One way of interpreting this passage certainly, the most usual way, I think, is to see it as an example of how people misunderstood Jesus, misunderstood what his purpose was, misunderstood the kind of messiah he was going to be. Peter had just confessed that he had come to see Jesus as the expected messiah, and the messiah was not supposed to be someone who was to go to Jerusalem to be killed. The messiah was someone expected, by some anyway, to liberate the Jewish people from oppression, like Moses had, someone who, either by military or miraculous means would throw out the Roman occupiers and bring the Jewish state, the Jewish culture, the Jewish faith to its rightful and intended destiny. Or at the very least, the messiah would surely be someone who, at some point, would reveal himself as the great God-sent, God appointed, God-inspired spiritual leader that he was and everyone would understand his greatness and his glory. Maybe it would even happen that a whole bunch of mega-churches would immediately spring up to demonstrate the size of his following and the power of his teaching.

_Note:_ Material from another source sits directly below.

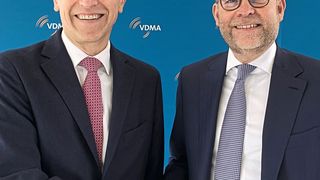 Dr. Klaus-Dieter Rosenbach (l.) hat am Dienstag sein Amt als Vorstandsvorsitzender des VDMA-Fachverbands Fördertechnik und Intralogistik an Gordon Riske übergeben. (VDMA)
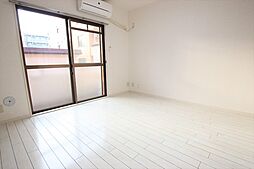 エレガンス綾瀬II 207 2階1Kのリビング/ダイニング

But instead, Jesus said simply that we was going to Jerusalem where he would suffer and die (and be raised again, but Peter didn’t pay any attention to that part). In any case, Peter couldn’t imagine such an end for the messiah. And this has given preachers an opportunity to talk about Jesus as someone sent by God to be a sacrifice for the sins of humanity, or perhaps as someone sent by God so committed to sacrificial love and non-violence as a way of life that he had to end up as a victim of the world’s violence, or perhaps in some other way that in any case Peter didn’t get. Something like that is how this passage is usually approached, and that’s all well and good. It’s certainly a legitimate and possible way to approach the passage.

But I’m seeing an additional way to think about that passage this morning. I’m seeing a kind of a sub-text here that’s not so much about Jesus and whether he was this kind of messiah or that kind of messiah and about Peter’s misunderstanding of whatever kind of messiah Jesus was, but that in the end is not about Peter or Jesus but about us. I’m thinking that what really scandalized Peter was not the fact that Jesus was upsetting his preconceptions about the messiah, but that Peter was thinking that if God can do this to Jesus, God could do it to me. If God could ask Jesus to suffer terribly and die an inglorious death, then what might God ask me to do? It wouldn’t have to even be that drastic to be pretty upsetting. And then Jesus goes and says, “If any want to be my followers, let them deny themselves and take up their cross and follow me.” What might that mean? Whatever it might mean, it’s not necessarily a call to something that we might already have in mind for ourselves or that we are sure to welcome with open arms. God doesn’t always enter our lives as a friend.

Or as an enemy either, because of course that is not the point, and what I am wanting to say this morning is not some severe message that we are called to be heroic cross bearers or some kind of martyrs for the faith. That’s not mine to say. I don’t know enough to say in what way you may be called or I may be called. None of us do. But I do have a hope that I will be open to the call of God, even if that call is not something I have already thought of for myself, and even if what God calls me to do, or even to think about or struggle with is not all that comforting, even if at first it doesn’t sound like such a great idea to me. Being open to God, just being open to God, to all of God, is, I’m thinking, a pretty big order. I’m working on it. Amen.